§ **Your objective**: For the material below, reproduce exactly each line from the one that has "Продается трехкомнатная квартира" through the one that has "#WhatsHappeningInMyanmar", and no others; pictures stay out.

§ **Task input**:
»»

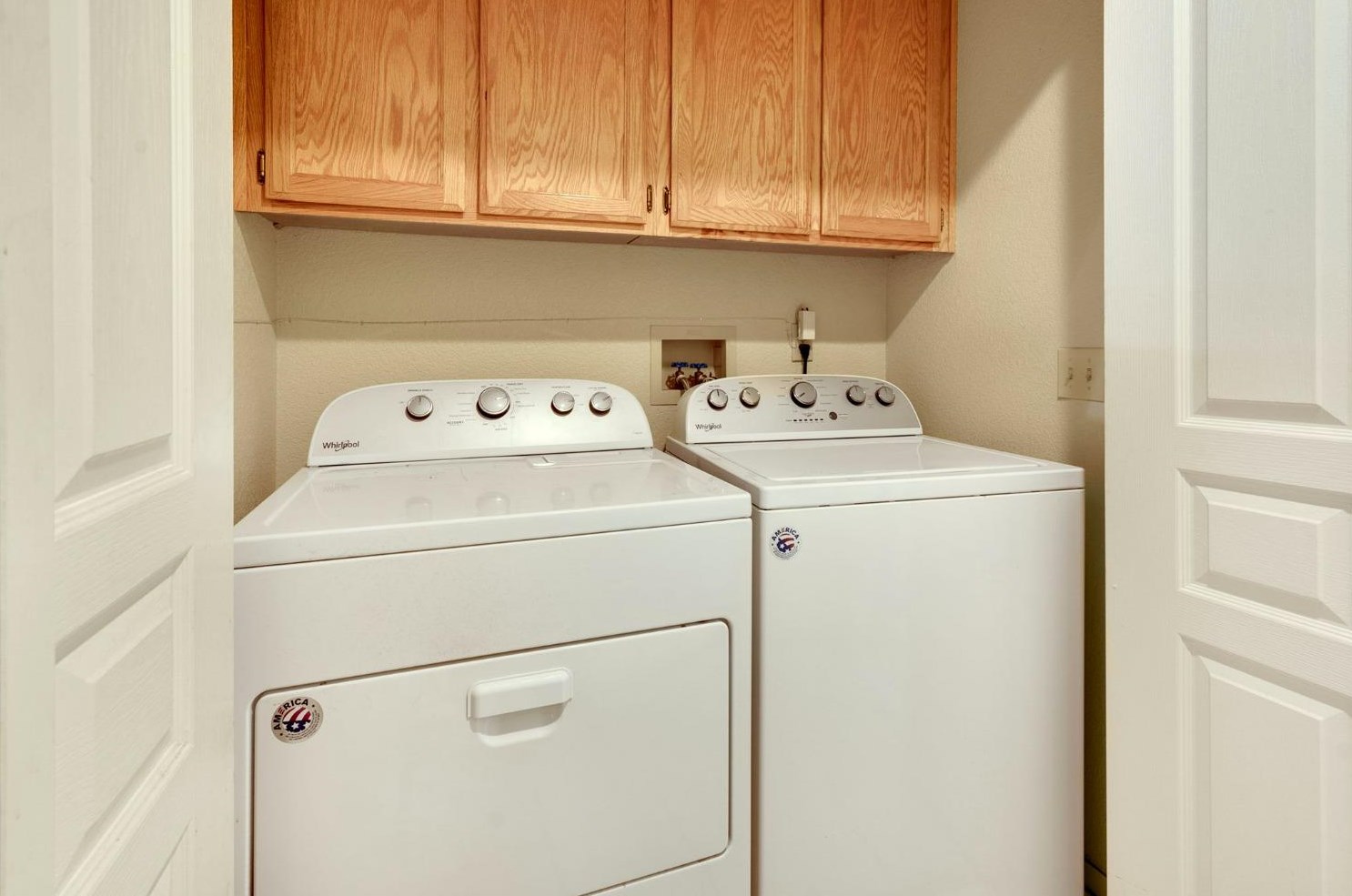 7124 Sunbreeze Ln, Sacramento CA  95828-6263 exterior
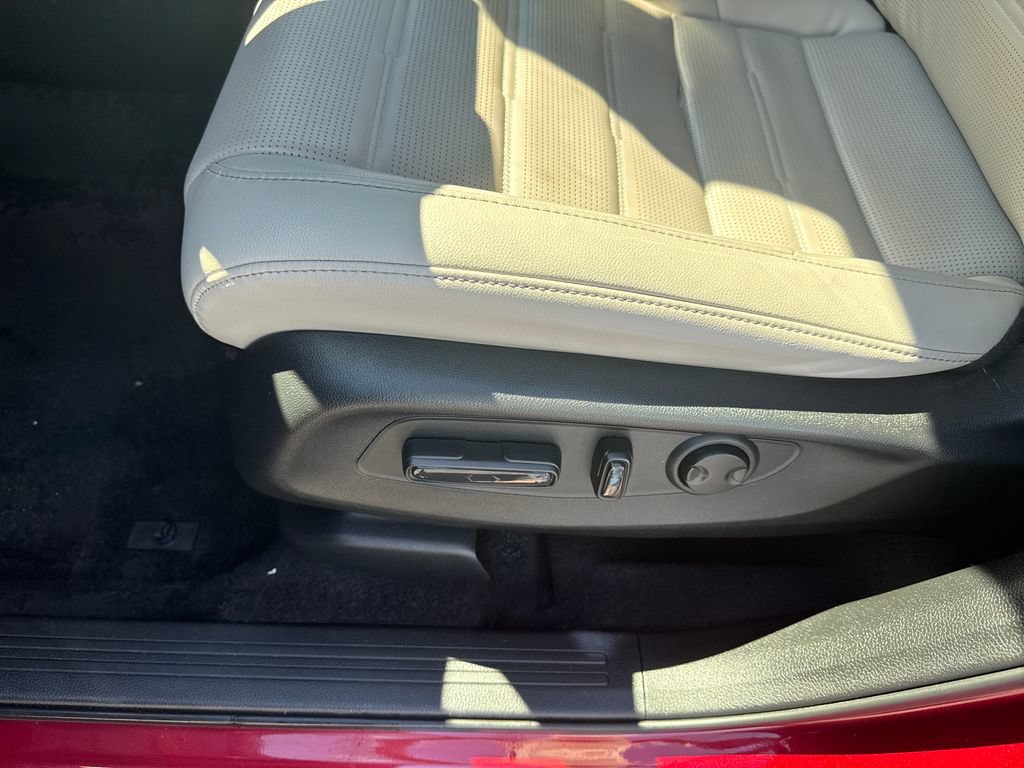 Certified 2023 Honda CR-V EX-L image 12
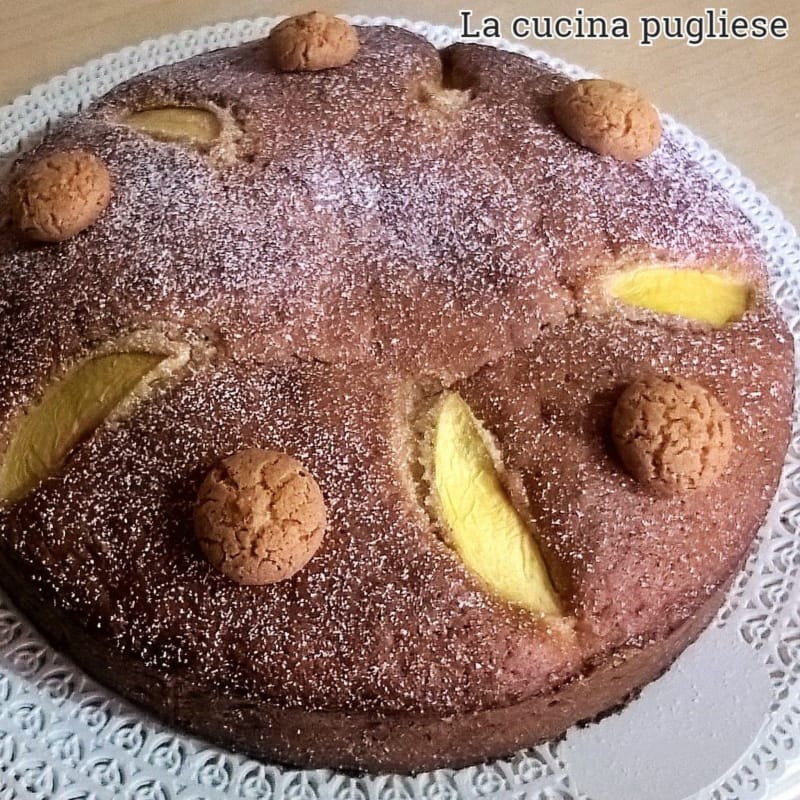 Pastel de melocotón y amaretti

««
»»

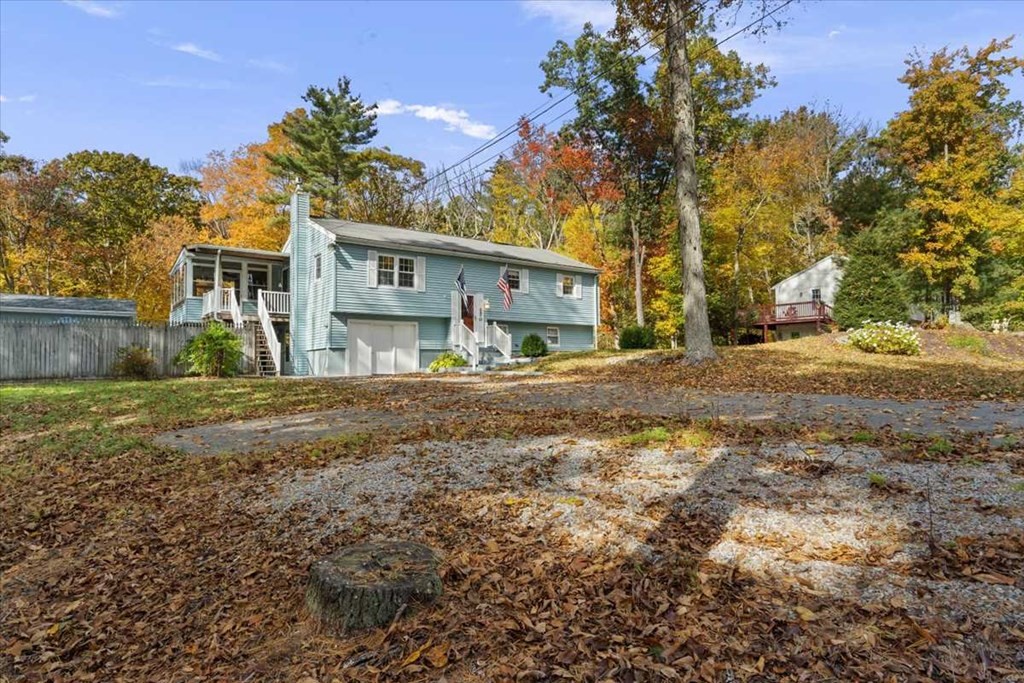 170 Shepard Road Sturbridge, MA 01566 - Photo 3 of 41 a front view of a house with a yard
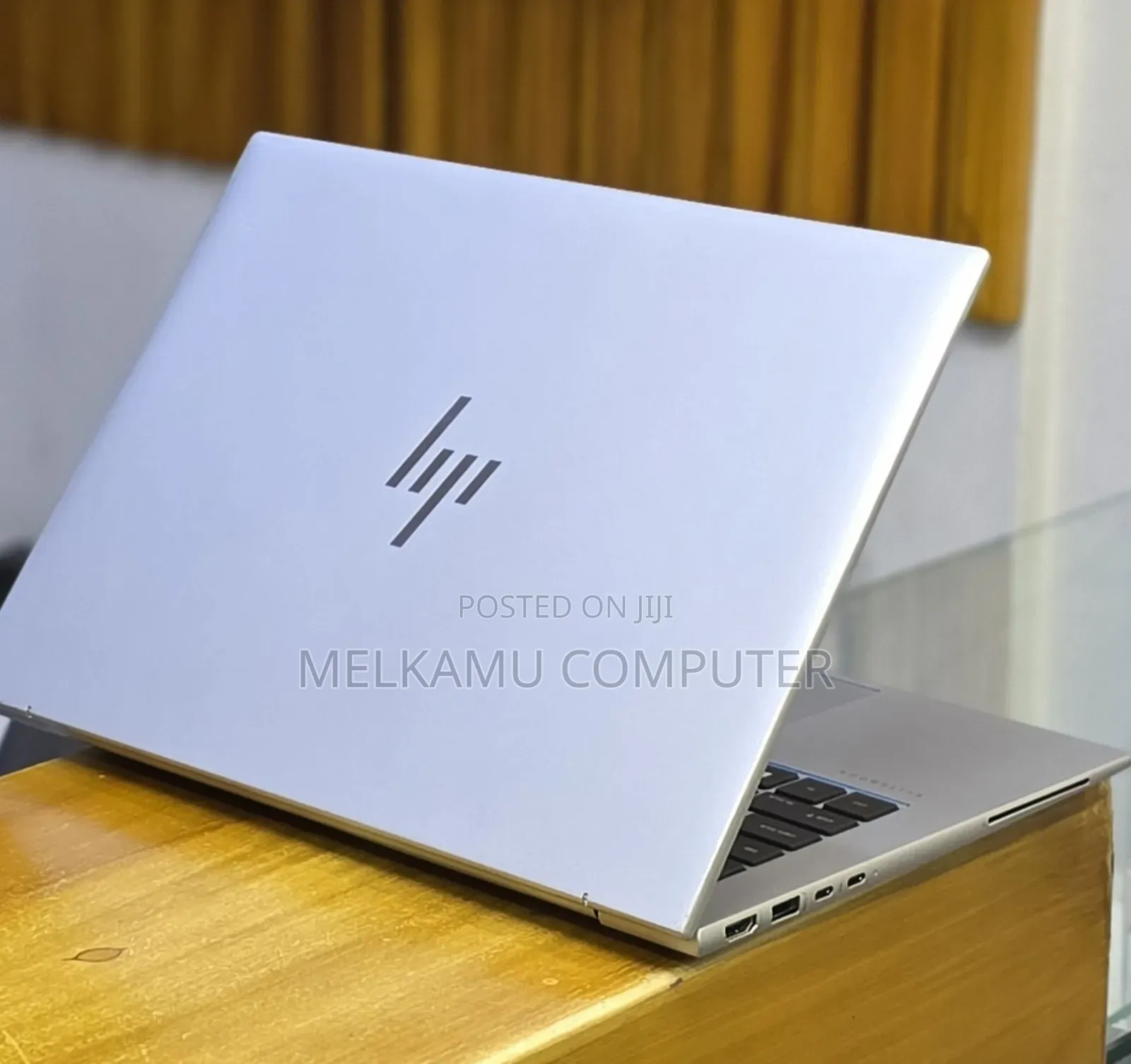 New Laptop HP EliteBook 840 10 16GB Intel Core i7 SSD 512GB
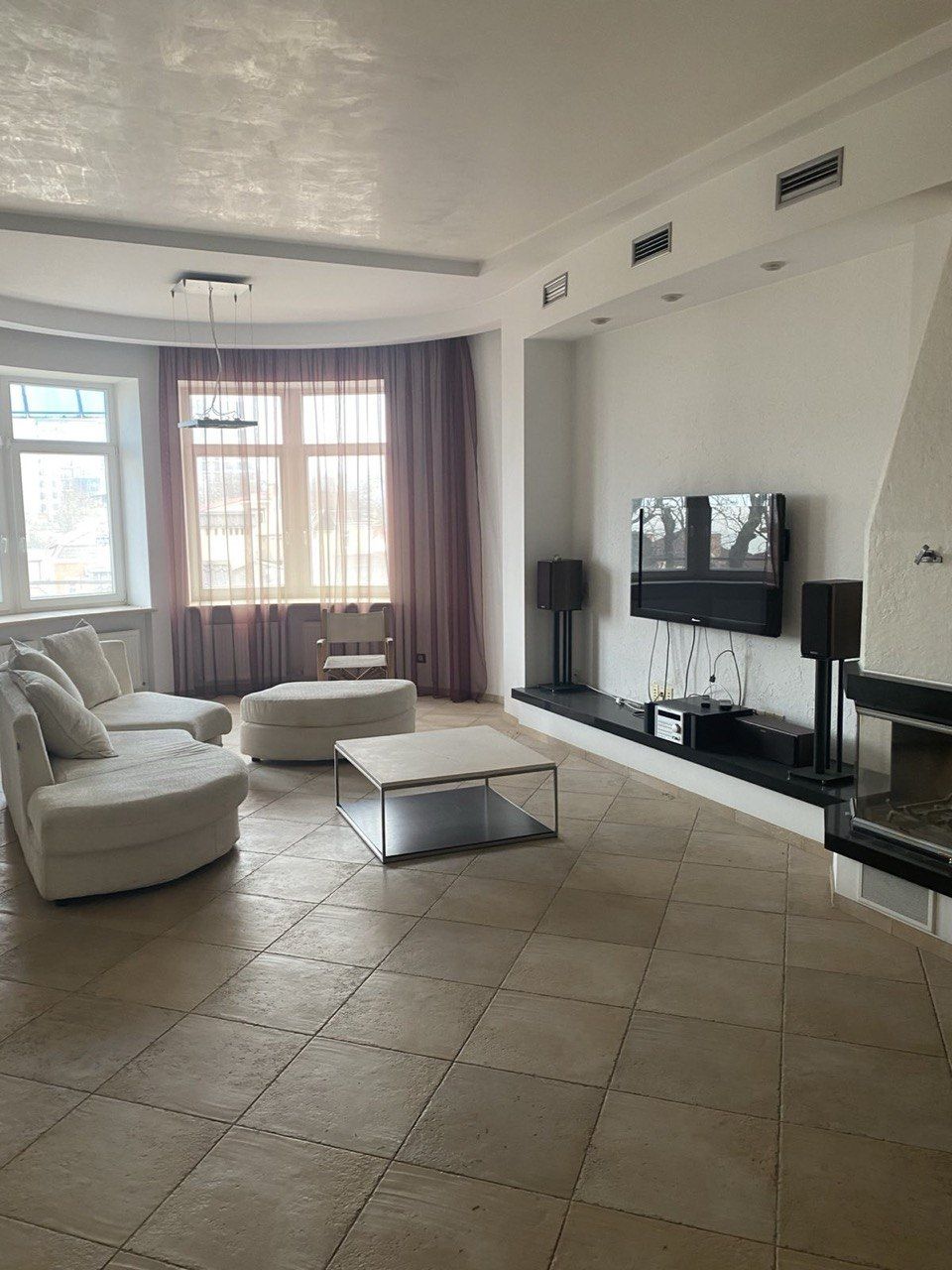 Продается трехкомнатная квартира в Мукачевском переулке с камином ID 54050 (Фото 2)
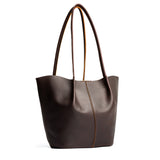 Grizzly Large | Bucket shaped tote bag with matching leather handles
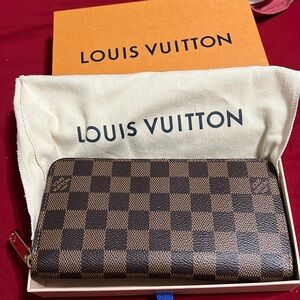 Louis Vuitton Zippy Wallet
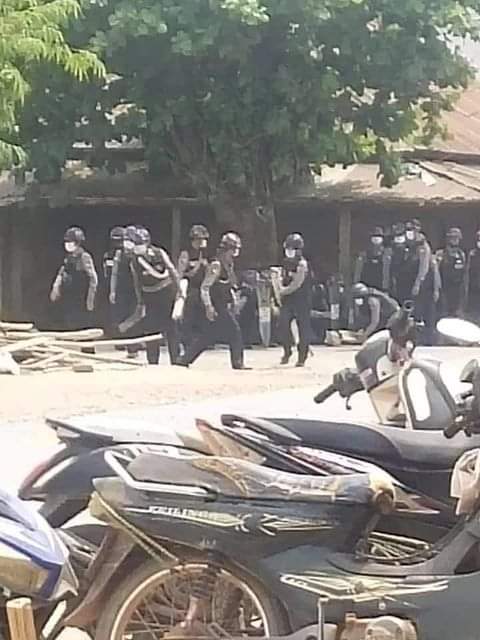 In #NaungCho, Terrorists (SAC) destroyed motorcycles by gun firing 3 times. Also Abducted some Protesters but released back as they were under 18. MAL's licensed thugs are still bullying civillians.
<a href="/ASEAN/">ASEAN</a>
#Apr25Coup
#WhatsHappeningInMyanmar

««
»»

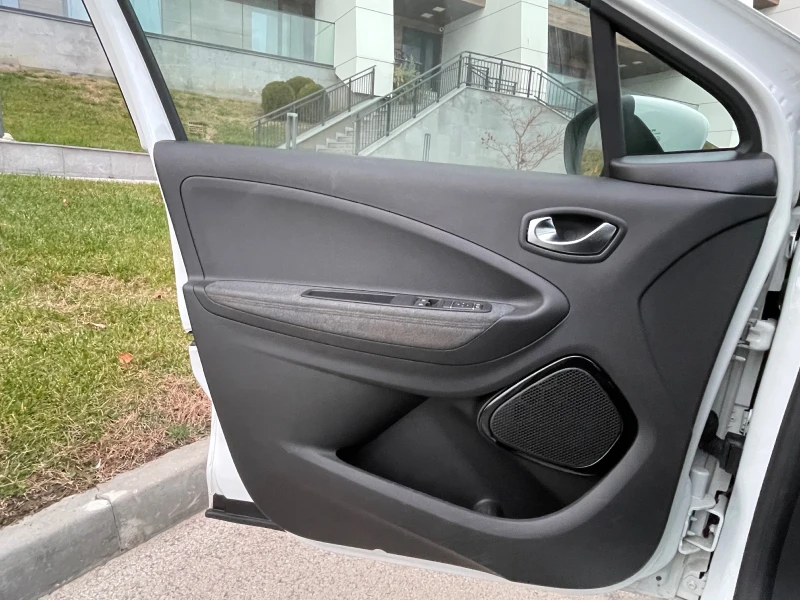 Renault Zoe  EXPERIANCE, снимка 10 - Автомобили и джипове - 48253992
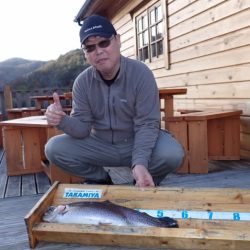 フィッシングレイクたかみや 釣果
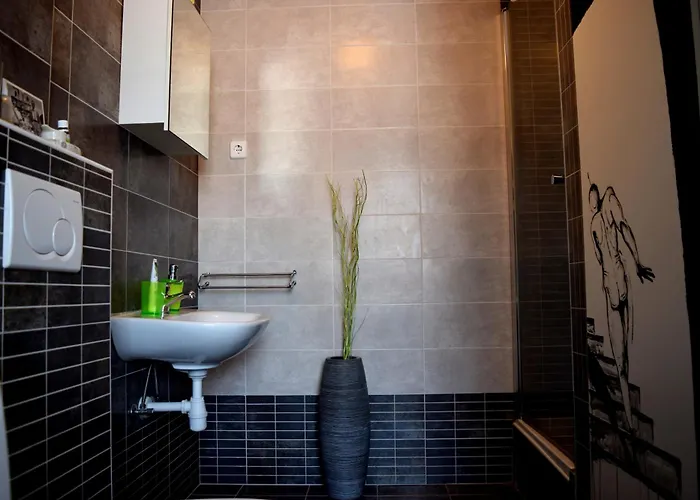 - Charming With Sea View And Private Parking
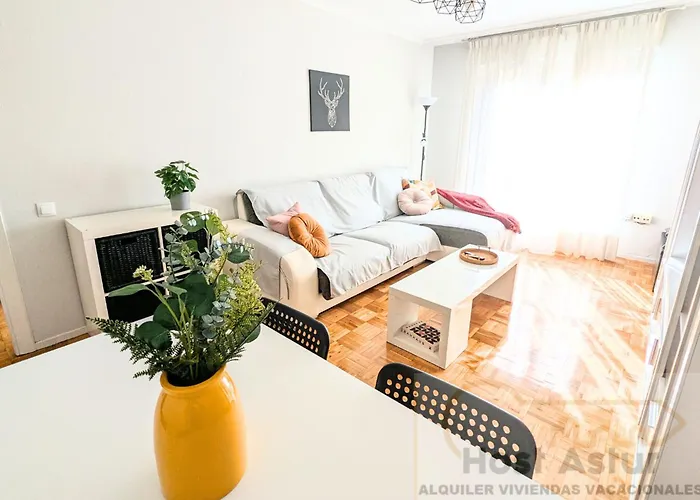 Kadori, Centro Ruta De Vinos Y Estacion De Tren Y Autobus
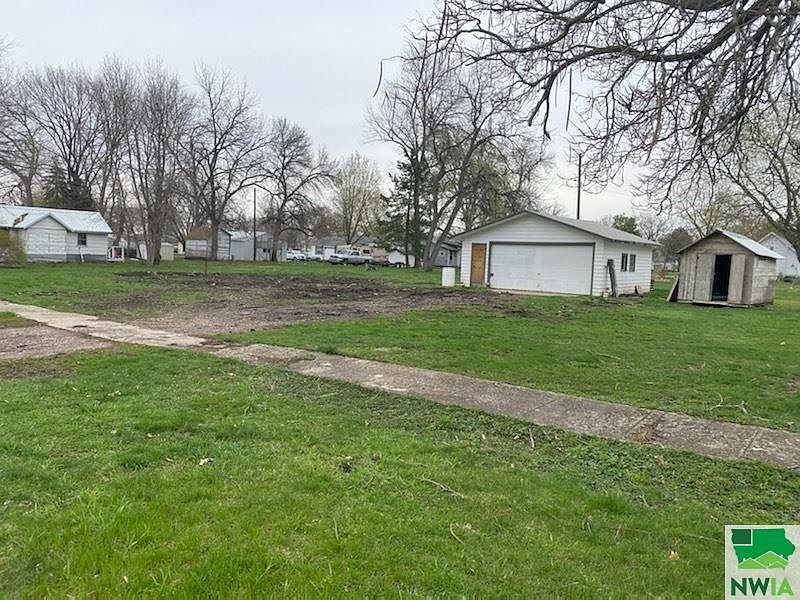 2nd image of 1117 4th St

««

§ **Answer to the problem**:
 Продается трехкомнатная квартира в Мукачевском переулке с камином ID 54050 (Фото 2)
 Grizzly Large | Bucket shaped tote bag with matching leather handles
 Louis Vuitton Zippy Wallet
 In #NaungCho, Terrorists (SAC) destroyed motorcycles by gun firing 3 times. Also Abducted some Protesters but released back as they were under 18. MAL's licensed thugs are still bullying civillians.
<a href="/ASEAN/">ASEAN</a>
#Apr25Coup
#WhatsHappeningInMyanmar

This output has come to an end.